Algorithm 4 (rotationally invariant samples with \(p=2\)) is compared to BFGS-A (the result of applying the SMW formula to the accelerated method AdaRBFGS from [6]) and the three one-sided, non-accelerated algorithms: S1 and DFP defined by Eq. (4) with weights \(W=I\) and \(W = A\) (respectively), and BFGS defined by applying the SMW formula to Eq. (5) with weight \(W=A^{-1}\). We use the same test matrices, initialization, and termination conditions described in Sect. 6: Fig. 2a shows results for \(A=X X^\top \); Fig. 2b shows results for the Hessian matrix Gisette Scale [3]; and Fig. 2c shows results for NASA4704 [4]. SS1A matches or outperforms all other algorithms for the three matrices. As before [13] contains MATLAB scripts and results for all matrices from [6]. Both BFGS-A and SS1A adaptively sample their update spaces. BFGS-A samples from the columns of the Cholesky decomposition of \(B_k\) while SS1-A effectively samples from a small power of the residual \(A-B_k\). Comparing BFGS to BFGS-A and S1 to SS1-A shows the benefits of adaptivity. The hybrid SS1A performs consistently well.

Fig. 2.
figure 2

Accelerated SS1A algorithm outperforms accelerated BFGS algorithms.

8 Conclusions and Future Work

Algorithms 1 to 3 iteratively generate matrix approximations to a fixed target from two-sided samples. Rotationally invariant sampling gives optimal theoretical convergence in general and predicted convergence rates are experimentally verified for several real world matrices, with comparable performance to existing one-sided algorithms. A hybrid method combining simultaneous iteration (to enrich a subspace) with the two-sided sampled update is developed and shown to be competitive with existing one-sided accelerated schemes.

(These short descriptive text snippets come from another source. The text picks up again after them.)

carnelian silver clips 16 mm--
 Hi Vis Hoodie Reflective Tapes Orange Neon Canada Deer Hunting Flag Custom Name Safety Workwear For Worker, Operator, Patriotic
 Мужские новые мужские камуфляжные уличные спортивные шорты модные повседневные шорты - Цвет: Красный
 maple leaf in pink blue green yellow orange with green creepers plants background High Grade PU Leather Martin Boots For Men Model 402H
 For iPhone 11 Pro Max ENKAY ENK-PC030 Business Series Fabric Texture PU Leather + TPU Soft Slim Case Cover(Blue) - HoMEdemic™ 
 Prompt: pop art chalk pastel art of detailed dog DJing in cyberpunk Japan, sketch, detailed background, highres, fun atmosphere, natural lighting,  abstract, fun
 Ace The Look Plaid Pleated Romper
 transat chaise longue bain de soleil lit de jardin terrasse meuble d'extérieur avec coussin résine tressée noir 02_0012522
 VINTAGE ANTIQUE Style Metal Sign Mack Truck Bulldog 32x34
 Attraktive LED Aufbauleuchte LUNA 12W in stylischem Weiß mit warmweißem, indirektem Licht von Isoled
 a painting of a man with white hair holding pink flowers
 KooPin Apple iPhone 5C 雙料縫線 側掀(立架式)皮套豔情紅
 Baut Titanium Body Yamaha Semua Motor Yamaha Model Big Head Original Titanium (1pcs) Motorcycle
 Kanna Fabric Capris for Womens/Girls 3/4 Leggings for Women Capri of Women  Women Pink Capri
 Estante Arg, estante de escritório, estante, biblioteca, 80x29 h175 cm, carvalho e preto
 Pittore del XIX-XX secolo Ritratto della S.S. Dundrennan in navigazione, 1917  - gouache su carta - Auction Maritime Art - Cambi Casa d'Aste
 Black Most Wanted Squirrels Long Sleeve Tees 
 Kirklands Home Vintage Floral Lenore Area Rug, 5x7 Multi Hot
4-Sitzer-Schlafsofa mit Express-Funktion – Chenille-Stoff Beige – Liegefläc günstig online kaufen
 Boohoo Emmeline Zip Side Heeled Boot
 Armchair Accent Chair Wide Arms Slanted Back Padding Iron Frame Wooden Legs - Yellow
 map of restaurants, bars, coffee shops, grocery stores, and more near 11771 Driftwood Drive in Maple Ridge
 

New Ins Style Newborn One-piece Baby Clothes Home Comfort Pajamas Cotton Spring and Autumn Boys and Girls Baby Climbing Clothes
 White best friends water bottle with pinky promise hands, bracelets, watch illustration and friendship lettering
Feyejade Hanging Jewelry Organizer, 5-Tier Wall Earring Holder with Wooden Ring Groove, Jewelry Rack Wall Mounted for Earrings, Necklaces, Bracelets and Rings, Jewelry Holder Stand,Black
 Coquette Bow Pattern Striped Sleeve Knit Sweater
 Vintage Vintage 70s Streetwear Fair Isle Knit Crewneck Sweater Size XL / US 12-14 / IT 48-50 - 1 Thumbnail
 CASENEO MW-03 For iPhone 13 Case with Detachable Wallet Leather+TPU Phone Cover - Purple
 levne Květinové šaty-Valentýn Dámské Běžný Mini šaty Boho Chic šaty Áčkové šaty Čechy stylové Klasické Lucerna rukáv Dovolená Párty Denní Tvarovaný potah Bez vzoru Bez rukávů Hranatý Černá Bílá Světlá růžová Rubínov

The algorithms systematically make minimal changes and drive weighted residual norms for a fixed A monotonically to zero. Such self-correcting algorithms can potentially approximate slowly changing matrices, A(x). For example, QN optimization algorithms have a slowly changing Hessian target \(\nabla _x^2 f(x_k)\) while solvers for stiff ODEs \(y'(x) = f(y(x))\) have a slowly changing Jacobian target \(\nabla _y f(y(x_k))\). The two-sided sampled matrix approximation algorithms and theory presented in the article provide a general foundation for these and other applications. Efficient factorized updates, compact low rank approximations, inverse approximation, and sparse matrix sampling are all planned.